Now, of course, I only eat Yankees peanuts and apparently I’m not the only nut who’s looking to switch teams. About three months after I publicly quit the Dodgers, I came across this article in the Sunday Los Angeles Times (see the photo above).

It tells the story of fans in Yucaipa and Mar Vista and Encino – lifelong Dodgers fans – that are quitting the Dodgers. It talks about how people are no longer flying their Dodgers flags in their yards; about how the combination of a crappy team and no televised games is, increasingly, leading fans to find something better to do.

The article outlines the fact that the Dodgers are owned by a financial conglomerate and that, in the end, should the Dodgers begin to lose fans at the rate they’re losing games, the company will just sell the team, make their profit and move on. When that happens, the Dodgers will be approaching forty years of futility without a championship and, just like the Lakers, they’ll be an afterthought in a town they once owned.

But this really doesn’t mean shit to me because I have a three-day weekend coming up.
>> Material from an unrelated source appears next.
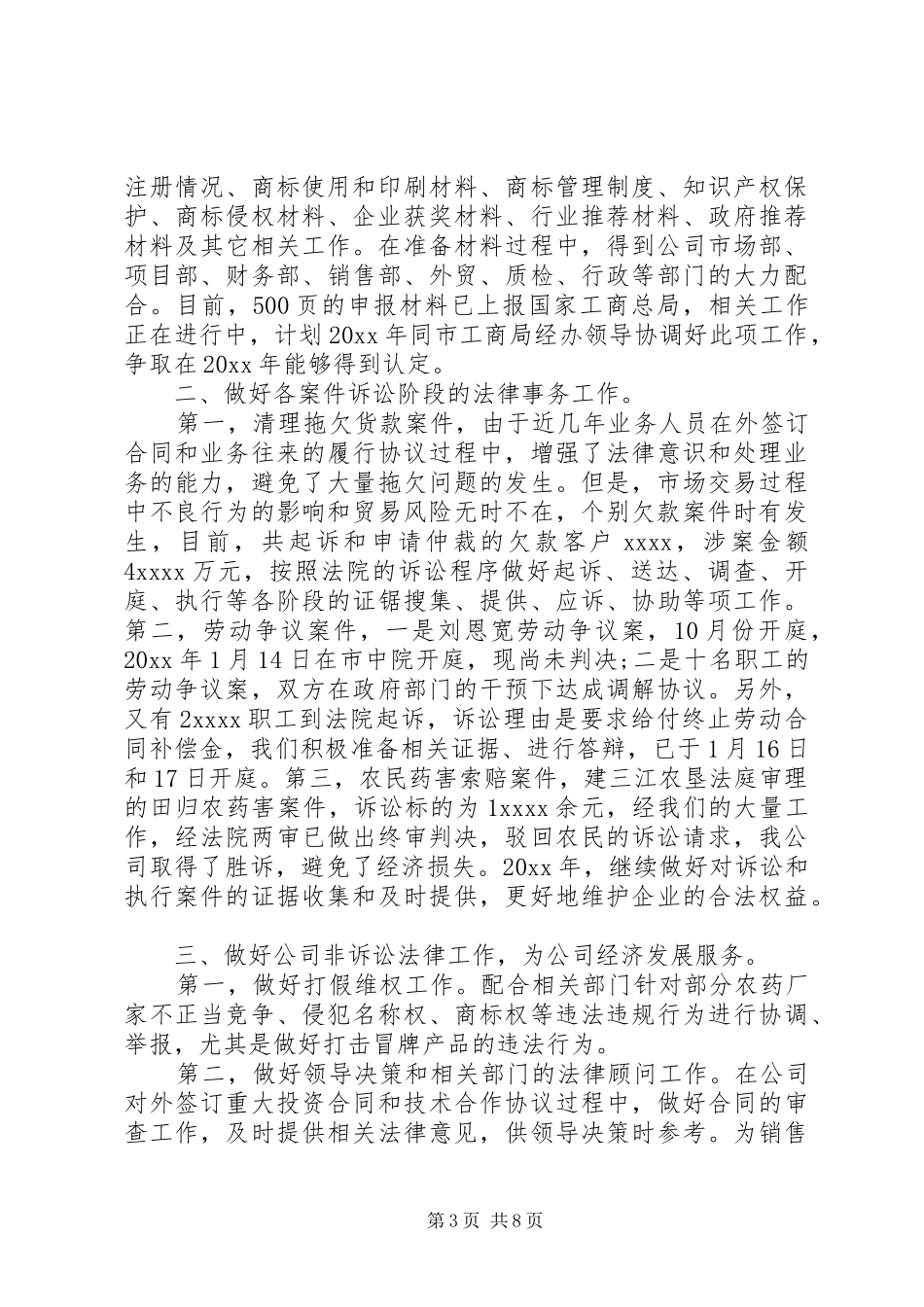 法律顾问工作报告_第3页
On Memorial Day I’ll be memorializing DiMaggio and Gehrig and Ruth and Jeter and Judge with Yankee Dogs (they look just like Dodger Dogs but when you win everything just tastes better) and Yankees Peanuts while watching the greatest team in the annals of baseball play on TV. (The Dodgers will licking their wounds after getting swept by the Padres.)

I don’t care if anyone else quits the Dodgers, but it was nice to see that I’m not the only sports fan around here with enough nuts to stand up for what’s right.